- [Supplied entries]

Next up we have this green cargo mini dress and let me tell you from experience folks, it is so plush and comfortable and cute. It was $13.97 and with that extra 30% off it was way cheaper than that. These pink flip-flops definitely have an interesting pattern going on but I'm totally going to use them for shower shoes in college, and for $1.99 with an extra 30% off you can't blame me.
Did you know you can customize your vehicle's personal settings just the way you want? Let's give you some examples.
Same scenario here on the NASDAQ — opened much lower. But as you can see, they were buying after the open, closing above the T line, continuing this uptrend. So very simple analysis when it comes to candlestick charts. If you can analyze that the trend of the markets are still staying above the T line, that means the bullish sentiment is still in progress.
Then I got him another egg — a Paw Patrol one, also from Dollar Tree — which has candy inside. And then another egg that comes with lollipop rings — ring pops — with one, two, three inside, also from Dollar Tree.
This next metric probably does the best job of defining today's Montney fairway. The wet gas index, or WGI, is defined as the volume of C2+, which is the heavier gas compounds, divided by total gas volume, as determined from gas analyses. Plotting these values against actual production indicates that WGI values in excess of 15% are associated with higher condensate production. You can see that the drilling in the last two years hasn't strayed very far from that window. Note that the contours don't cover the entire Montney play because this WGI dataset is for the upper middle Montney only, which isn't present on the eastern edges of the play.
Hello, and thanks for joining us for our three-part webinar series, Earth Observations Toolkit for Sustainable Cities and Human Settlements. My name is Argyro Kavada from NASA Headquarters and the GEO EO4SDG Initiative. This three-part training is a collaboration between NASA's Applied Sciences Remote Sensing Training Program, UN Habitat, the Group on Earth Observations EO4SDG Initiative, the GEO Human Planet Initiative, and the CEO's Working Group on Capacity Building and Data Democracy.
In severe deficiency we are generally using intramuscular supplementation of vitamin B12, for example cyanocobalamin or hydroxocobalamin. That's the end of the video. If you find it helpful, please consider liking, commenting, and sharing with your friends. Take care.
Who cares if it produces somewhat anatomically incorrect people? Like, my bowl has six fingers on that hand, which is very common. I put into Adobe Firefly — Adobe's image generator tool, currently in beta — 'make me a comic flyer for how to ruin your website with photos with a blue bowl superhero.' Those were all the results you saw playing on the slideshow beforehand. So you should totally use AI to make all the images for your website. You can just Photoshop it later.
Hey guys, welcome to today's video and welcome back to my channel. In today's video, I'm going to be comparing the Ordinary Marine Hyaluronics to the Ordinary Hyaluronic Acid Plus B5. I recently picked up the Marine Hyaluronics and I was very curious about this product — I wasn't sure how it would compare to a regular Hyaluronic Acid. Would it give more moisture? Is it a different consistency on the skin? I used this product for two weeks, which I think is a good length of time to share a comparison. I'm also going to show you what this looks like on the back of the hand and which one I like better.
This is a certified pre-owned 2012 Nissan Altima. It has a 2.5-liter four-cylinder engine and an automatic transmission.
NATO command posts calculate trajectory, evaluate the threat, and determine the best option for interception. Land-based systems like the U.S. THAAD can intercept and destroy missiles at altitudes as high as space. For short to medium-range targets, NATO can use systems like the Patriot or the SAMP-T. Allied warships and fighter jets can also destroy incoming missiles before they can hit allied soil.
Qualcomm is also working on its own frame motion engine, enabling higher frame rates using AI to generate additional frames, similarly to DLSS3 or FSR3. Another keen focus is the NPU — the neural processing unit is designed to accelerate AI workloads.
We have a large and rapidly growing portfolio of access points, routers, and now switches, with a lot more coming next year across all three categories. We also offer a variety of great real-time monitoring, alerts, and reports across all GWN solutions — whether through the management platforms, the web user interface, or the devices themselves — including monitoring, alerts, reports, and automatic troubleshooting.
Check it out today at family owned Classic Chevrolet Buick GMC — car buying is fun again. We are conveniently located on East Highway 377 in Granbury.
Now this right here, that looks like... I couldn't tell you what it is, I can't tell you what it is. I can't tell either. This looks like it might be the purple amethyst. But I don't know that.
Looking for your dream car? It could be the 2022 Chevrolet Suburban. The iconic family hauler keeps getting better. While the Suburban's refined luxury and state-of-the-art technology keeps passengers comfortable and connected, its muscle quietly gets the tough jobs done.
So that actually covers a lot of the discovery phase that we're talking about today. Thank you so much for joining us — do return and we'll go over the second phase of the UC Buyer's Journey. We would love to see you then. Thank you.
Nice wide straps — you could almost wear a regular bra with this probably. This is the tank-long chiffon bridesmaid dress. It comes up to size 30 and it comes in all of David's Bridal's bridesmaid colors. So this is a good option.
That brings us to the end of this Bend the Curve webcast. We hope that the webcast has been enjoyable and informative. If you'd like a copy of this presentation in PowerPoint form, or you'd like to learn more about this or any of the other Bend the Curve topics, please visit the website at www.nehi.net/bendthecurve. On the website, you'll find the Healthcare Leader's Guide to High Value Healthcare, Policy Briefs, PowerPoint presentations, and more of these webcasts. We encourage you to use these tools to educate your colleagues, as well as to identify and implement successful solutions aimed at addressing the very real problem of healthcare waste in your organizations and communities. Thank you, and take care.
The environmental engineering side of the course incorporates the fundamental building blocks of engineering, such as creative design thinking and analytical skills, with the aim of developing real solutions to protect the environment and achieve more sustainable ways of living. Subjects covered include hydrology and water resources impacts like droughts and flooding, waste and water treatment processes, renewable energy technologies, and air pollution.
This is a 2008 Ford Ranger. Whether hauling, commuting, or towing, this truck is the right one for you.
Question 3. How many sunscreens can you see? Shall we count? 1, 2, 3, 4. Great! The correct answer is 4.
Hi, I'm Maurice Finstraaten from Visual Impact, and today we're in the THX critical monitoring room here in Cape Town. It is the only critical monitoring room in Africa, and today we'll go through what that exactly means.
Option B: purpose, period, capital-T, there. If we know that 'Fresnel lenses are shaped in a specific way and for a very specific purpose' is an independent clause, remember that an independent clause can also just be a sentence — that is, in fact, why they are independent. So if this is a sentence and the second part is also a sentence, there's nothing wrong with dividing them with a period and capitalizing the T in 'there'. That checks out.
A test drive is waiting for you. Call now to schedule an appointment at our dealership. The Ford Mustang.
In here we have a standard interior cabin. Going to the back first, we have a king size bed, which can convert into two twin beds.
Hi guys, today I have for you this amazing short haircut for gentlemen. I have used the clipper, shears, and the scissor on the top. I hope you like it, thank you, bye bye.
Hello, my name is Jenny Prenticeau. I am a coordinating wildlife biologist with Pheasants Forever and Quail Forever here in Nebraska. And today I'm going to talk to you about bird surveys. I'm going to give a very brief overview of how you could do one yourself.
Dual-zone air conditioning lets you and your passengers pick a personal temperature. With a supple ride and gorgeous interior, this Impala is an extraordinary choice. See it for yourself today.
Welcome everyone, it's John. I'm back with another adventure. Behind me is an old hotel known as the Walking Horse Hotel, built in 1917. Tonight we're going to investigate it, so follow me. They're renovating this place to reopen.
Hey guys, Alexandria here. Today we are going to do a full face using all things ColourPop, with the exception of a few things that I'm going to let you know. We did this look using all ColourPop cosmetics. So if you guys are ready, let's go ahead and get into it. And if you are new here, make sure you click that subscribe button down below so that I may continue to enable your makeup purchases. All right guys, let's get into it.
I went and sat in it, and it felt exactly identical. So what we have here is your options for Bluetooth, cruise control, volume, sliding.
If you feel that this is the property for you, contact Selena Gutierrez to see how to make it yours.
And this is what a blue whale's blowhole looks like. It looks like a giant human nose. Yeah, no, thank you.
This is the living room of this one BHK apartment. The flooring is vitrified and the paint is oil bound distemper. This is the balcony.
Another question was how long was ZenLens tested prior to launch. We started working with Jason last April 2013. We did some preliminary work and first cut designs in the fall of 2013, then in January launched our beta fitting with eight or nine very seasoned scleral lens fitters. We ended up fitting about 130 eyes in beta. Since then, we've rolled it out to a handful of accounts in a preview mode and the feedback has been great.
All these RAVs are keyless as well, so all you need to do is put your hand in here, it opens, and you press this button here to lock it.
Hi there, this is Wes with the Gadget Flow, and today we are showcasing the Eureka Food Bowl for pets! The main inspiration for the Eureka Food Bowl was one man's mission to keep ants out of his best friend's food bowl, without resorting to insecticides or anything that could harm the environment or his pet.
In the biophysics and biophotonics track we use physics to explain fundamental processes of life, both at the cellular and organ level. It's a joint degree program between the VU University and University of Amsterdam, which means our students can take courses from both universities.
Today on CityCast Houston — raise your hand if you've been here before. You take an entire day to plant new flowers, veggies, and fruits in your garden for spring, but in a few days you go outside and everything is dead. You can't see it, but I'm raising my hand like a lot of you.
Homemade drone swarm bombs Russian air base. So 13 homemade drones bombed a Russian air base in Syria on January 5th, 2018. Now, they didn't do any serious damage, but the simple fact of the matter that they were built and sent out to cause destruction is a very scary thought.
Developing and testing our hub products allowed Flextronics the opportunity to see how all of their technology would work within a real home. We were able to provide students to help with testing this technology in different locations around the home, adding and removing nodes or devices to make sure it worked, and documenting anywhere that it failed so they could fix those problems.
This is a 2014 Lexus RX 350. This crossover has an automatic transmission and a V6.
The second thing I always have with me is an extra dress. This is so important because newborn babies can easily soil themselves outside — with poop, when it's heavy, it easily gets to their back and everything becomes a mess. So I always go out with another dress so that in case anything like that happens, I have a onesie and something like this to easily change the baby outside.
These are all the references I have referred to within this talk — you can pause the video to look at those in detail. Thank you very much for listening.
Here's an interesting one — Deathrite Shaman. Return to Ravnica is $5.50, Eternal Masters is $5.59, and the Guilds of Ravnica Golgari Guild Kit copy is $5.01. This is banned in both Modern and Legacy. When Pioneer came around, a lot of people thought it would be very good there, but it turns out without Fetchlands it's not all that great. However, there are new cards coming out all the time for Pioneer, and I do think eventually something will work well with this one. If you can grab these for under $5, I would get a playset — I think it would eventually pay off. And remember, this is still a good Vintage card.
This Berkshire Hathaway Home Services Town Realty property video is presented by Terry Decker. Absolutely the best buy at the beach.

- [Problem requirements] All lines of the data that hold "exactly" need to be copied.

- [Answer space]
Hi, I'm Maurice Finstraaten from Visual Impact, and today we're in the THX critical monitoring room here in Cape Town. It is the only critical monitoring room in Africa, and today we'll go through what that exactly means.
I went and sat in it, and it felt exactly identical. So what we have here is your options for Bluetooth, cruise control, volume, sliding.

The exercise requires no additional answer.